From the above passage, we can draw two conclusions. First, nature is unnatural. Life, limitless and without opposite, is what is natural. And nature is characterized by limited life, surrounded, punctuated and sustained by death. Second, God did not create nature, or the physical universe in which it resides. This the Course says over and over and over again. If God created nature, He would be cruel. In creating the universe and its “natural” systems, He would have created limitation, impermanence, pain, war and, most of all, death. Why would He do that, if He could create the unlimited? Why would He make this world, unless He had a serious mean streak?

This, of course, is not an original point. The hard nature of life in this world is perhaps the single biggest reason for lack of religious faith. Theologians–going all the way back to Job–have grappled with trying to reconcile God with the evils of this world, under the heading of “The Problem of Evil.” Darwin’s theory of the survival of the fittest damaged religious faith perhaps as much by revealing that the world that God supposedly made worked by the law of tooth and claw, as by revealing that man evolved from the apes. All in all, reflective people have been rejecting God for centuries based on the pain, evil and injustice inherent in life on earth.
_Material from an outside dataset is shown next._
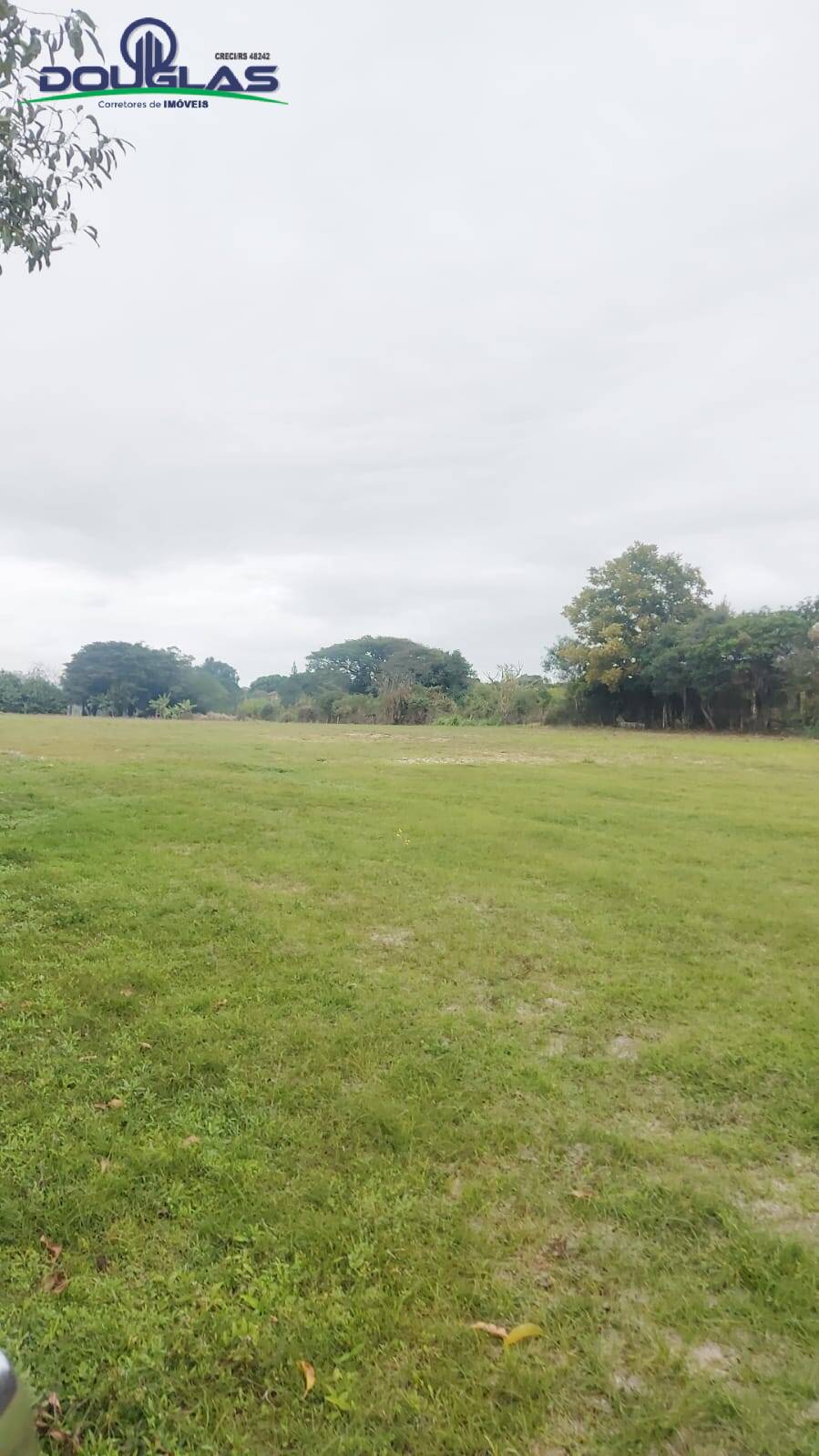 Sítio, 3 quartos, 2 hectares - Foto 23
But God didn’t make life on earth. So says the Course. If He didn’t, then who did? According to the Course, we did. Nature, the earth and the physical universe are all one big collective dream. Let us take the two words of this phrase, “collective dream,” and look at them one at a time.

A dream

We will begin with the word “dream.” The fact that the world is a dream implies many things. First and foremost, of course, it implies that the world is not real. It is an illusion, a mirage.

Another thing it implies is that the world is not even a place. It is just a bunch of images in our minds. Think about your nighttime dreams. Upon awakening, you realize that the place you dreamt about was not a real place, but was simply a collection of images inside of your mind. Thus, you were not inside of the dream. It was inside of you. All of its images were simply furniture in your mind. And so it is with the dream of this world. You are not inside of it. It is inside of you.
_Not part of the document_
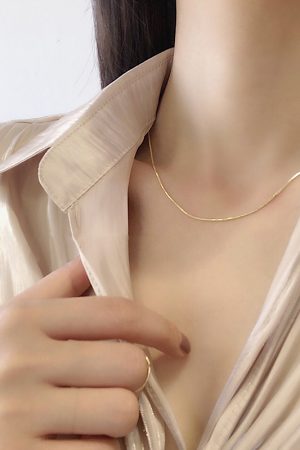 Ultra-Fine Minimalist Snake Bone Necklace â€“ Elegant Light Luxury Clavicle Chain for Everyday Wear, High-End Fashion Accessory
Another implication of the word “dream” is that all of the images, events and plot lines in the dream are dream symbols. They were produced by thoughts, feelings and attitudes within the mind and therefore reflect or symbolize those thoughts, feelings and attitudes. Thus, we all know that what we dream at night is produced by things in our unconscious. So, for instance, if we have a nightmare, we figure there must be some strong fears churning around in our unconscious.
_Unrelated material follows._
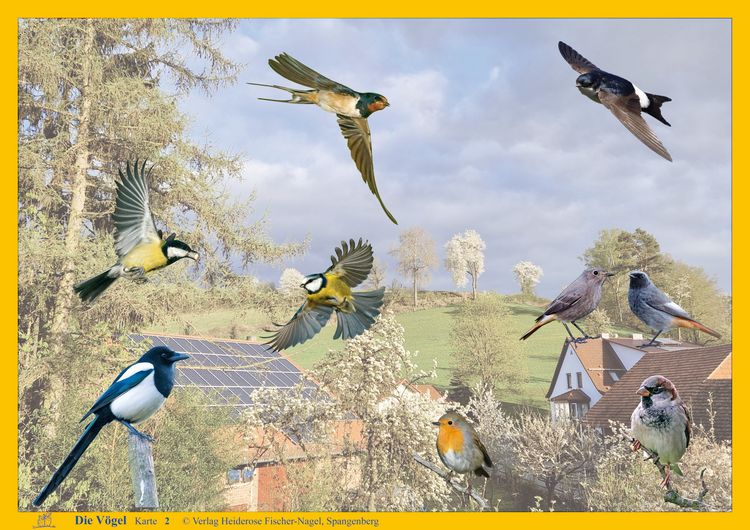 Produktbild: Natur-Kamishibai / Kamishibai - Die V&ouml;gel &ndash; Natur-Kamishibai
How, then, do we interpret the dream of the world? If the images, events and plot lines of the “natural” world are symbols, what unconscious beliefs do they symbolize? What beliefs must we be holding? First, we must believe in separation, for all of nature’s dream symbols are separate. Second, we must believe in limitation, for the same reason. Third, we must believe in lack. Look at the dream symbol of our bodies. They are constantly needing to be filled with food. Their lack is so fundamental that they never are truly filled, for even when we fill them, they will be lacking again in a few hours. They must be dream symbols of a belief in lack. Fourth, we must believe in vulnerability, for all of the world’s dream symbols are easily damaged and need constant protection. Fifth, we must believe in attack, for everything must attack just to survive, to fill its bodily needs. Sixth, we must believe in guilt. Guilt says that we deserve punishment and death, and the world we dream of never ceases to punish us from the time we are born until the time it finally kills us. This is why the Course says,

The world you see is the delusional system of those made mad by guilt. Look carefully at this world, and you will realize that this is so. For this world is the symbol of punishment, and all the laws that seem to govern it are the laws of death (Text, p. 220; T-13.intro.2:2-4).

All in all, we must believe that life can be opposed and defeated by an opposite, that “there are forces to be overcome to be alive at all” (Psychotherapy, p. 10). We must believe that life can be carved up into separate pieces, can be made limited, lacking and empty, can be attacked, injured and drained, and can finally be killed. We must believe in death.

We must not only believe this, we must be intent on proving it to ourselves. This, says the Course, is the dark motive behind producing this dream. If our beliefs in separation, limitation, lack, etc., remain nothing more than beliefs in our minds, they are very precarious. For we all know that beliefs can be wrong and can change. Yet if we produce a dream that symbolizes them and then forget it is a dream, then the situation changes entirely. For by forgetting it is a dream, it now seems to be reality, independent of our minds. And thus, the separation, limitation, lack and death that characterize the dream are no longer just beliefs. They seem to be part of the very fabric of reality. The dream of the world, therefore, is a device for “proving” the reality of our mistaken beliefs.

A collective dream

Now let us turn to the word “collective.” One of the reasons it is so difficult to realize that this world is a dream is that, unlike nighttime dreams, it is so incredibly immense, intricate, consistent, logical and persistent. This, I believe, is a result of the fact that this is not a superficial nor an individual dream. It is being dreamt out of an exceedingly deep part of our minds which is continuous with the minds of all living things. The dream, therefore, is coming from a much deeper level of mind than our nighttime dreams, a level of mind that is closer to the infinite intelligence of our Christ Self.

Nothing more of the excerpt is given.